A new era in UCLA soccer could not have gotten off to a better start than it did in 2002. Under first-year head coach Tom Fitzgerald, the Bruins captured its first Pac-10 championship and its fourth NCAA title. The Bruins made it to the College Cup thanks to a blistering offense that scored 14 goals in three games but then won the championship thanks to a stingy defense that shut out Stanford in the title game, 1-0. Both teams had good scoring opportunities in the game. Stanford had a header cleared off the line by Jimmy Frazelle in the early minutes, and Ryan Futagaki had a hard shot ricochet off the left post in the 31st minute. But all things changed in the 89th minute.
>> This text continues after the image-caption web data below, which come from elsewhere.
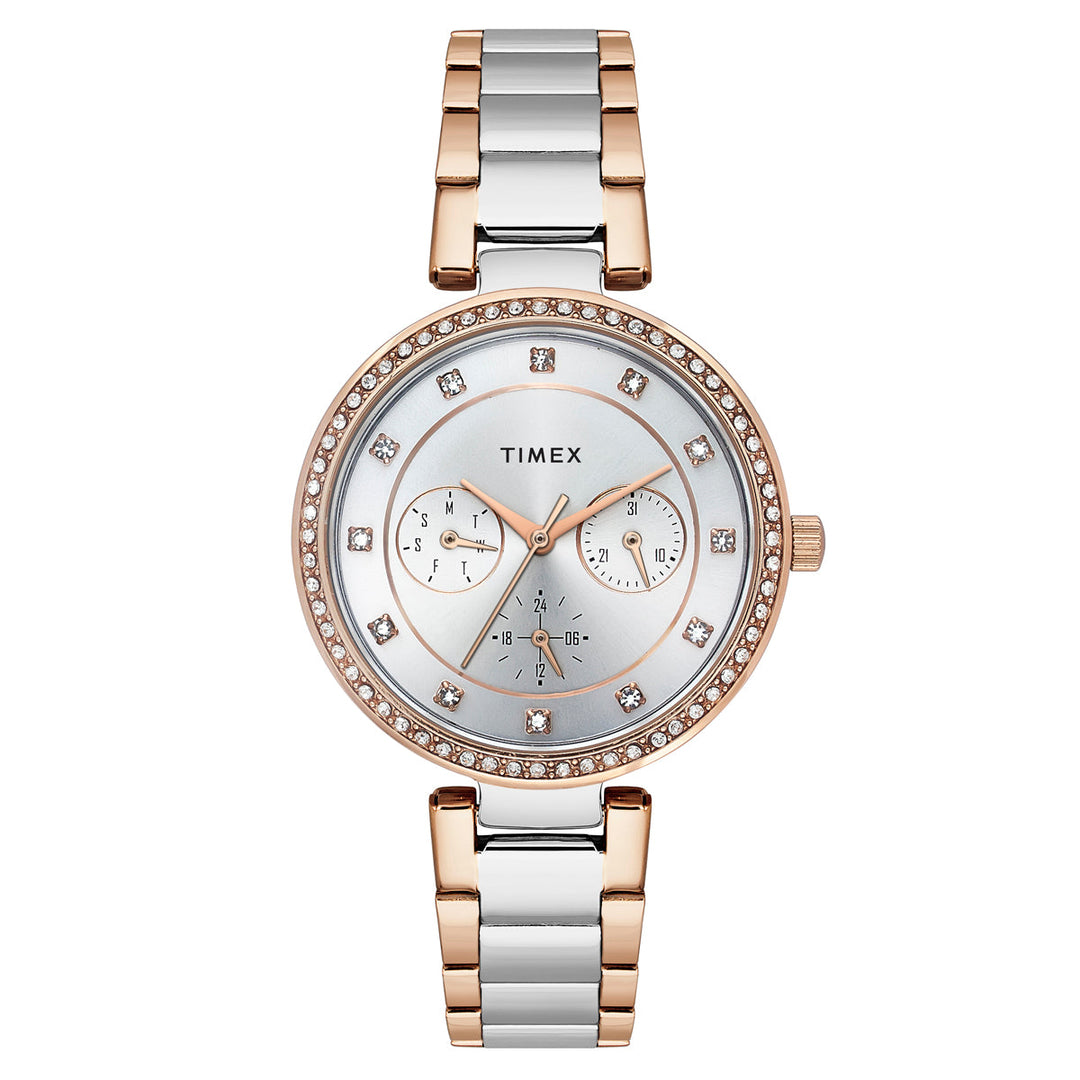 https://cdn.shopify.com/s/files/1/0787/5375/9521/files/TWEL18723.jpg?v=1761546860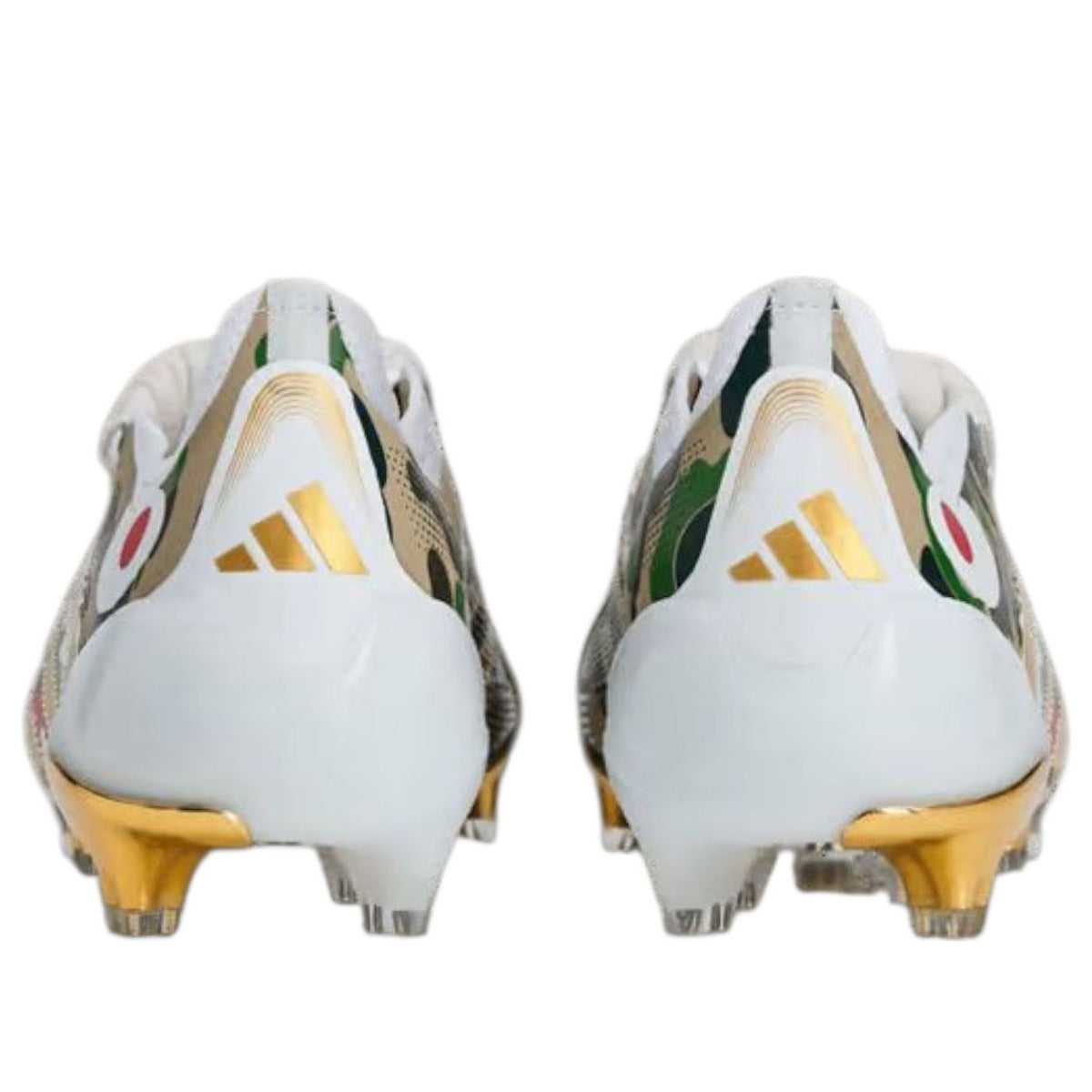 P - FUSSBALLSCHUHE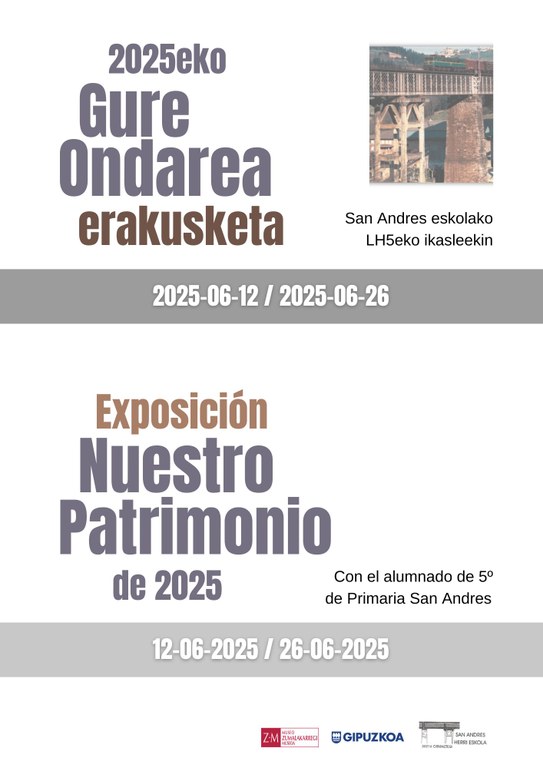 Cartel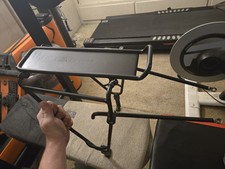 Blackburn disc brake for sale  Lawndale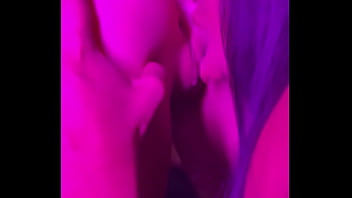 Deixa te ensinar como chupa uma buceta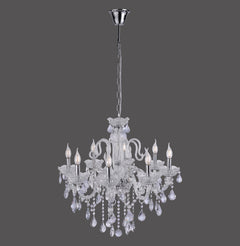 Suspension luminaire | Gracia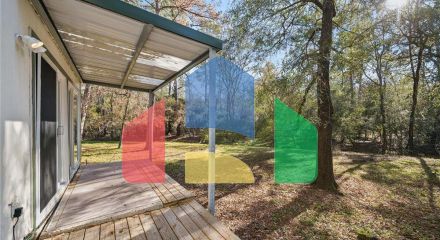 Residential - Single Family Home - The Woodlands, Texas, United States - United States Residential - Single Family Home - The Woodlands, Texas, United States - United States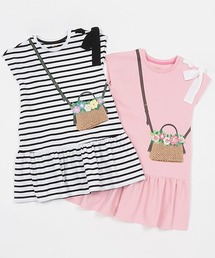 kate spade new york kids（ケイトスペードニューヨーク）の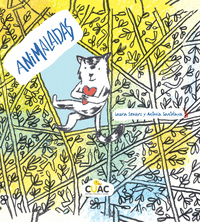 ANIMALADAS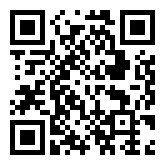 http://www.cficn.com/jeihun/2004.html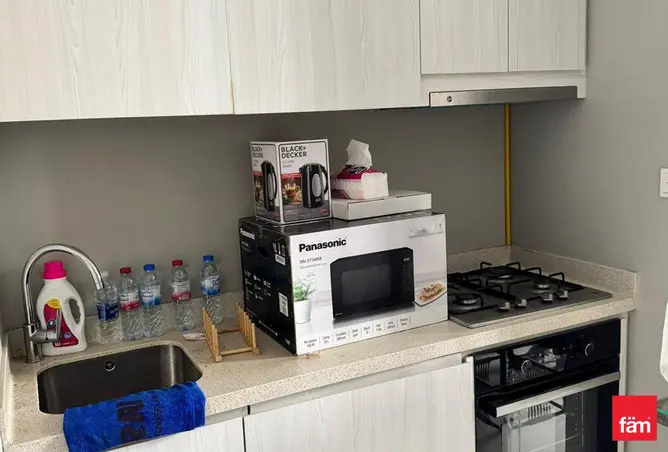 91808948 - Property Image 3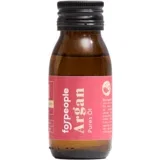 Arganovo olje - 50 ml
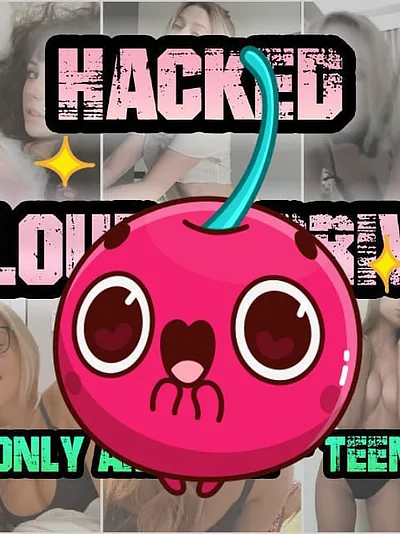 NEW H4CK£D C0ULD/DR!V£ PACK (0NLY 4MAT#UR - T££N)  - HCD0158
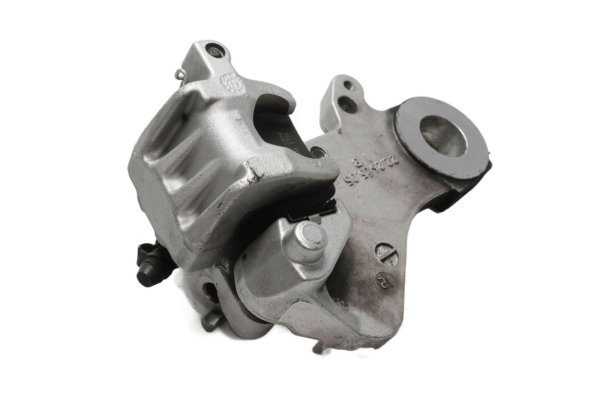 Bakre bromsok, bromshållare, bromskolv KTM Duke 690 690DUKE/12 12-13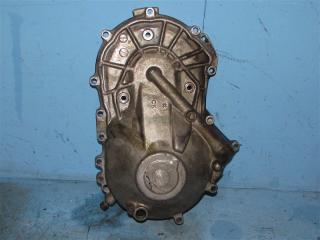 Запчасть крышка акпп NISSAN SERENA PC24 SR20DE контрактная Крышка акпп NISSAN SERENA PC24 SR20DE контрактная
Ty Maurin was fouled in near the left corner with the Bruins on the attack and earned a free kick for UCLA. Futagaki's perfectly-placed free kick found Aaron Lopez, who one-timed the ball past Stanford goalie Robby Fulton into the top right corner with 1:02 remaining on the clock for the championship-winning goal.

1997 Championship

1997

Seth George scored a pair of goals just two minutes apart late in the NCAA title game to lift UCLA to a 2-0 victory over Virginia at Richmond, Virginia. George's goals in the 80th and 82nd minutes, combined with the spectacular goalkeeping of Matt Reis, gave the Bruins their third national championship in 13 seasons under coach Sigi Schmid. UCLA, which finished the season 22-2, had beaten top-ranked and undefeated Indiana 1-0 in sudden death triple overtime in the semifinals. George and Reis each earned All-America honors in 1997. George was named the Final Four's offensive MVP and Reis was named the defensive MVP.

1990 Championship

1990

Freshman Jorge Salcedo's shootout goal lifted UCLA past Rutgers in the NCAA title game at Tampa, Florida, and gave the Bruins their second national championship. The Bruins avenged a 2-1 defeat at Rutgers' own tournament earlier in the season. That was the only loss of the season for UCLA, which finished 19-1-4. In the national semifinals, the Bruins outlasted North Carolina State in a penalty-kick shootout after a scoreless tie in regulation and overtime. Goalkeeper Brad Friedel was impenetrable, forging both shutouts in the Final Four and earning Freshman All-America honors.

1985 Championship

1985

Defender Andy Burke's only goal of the season came in the eighth overtime of the NCAA championship game against American University in the Seattle Kingdome and gave UCLA its first national title in men's soccer. The Bruins and their opponents battled for 166 minutes and five seconds before Burke, a sophomore who entered the game in the seventh overtime, took a pass from Paul Krumpe, caught the American goalkeeper cheating to the near post and shot into the far post to settle the outcome. Senior Dale Ervine scored 11 goals and earned All-America honors for the second consecutive year for coach Sigi Schmid's squad, which finished the season 20-1-4. Senior David Vanole was masterful in goal, allowing just one score in 256 minutes of play in the Final Four.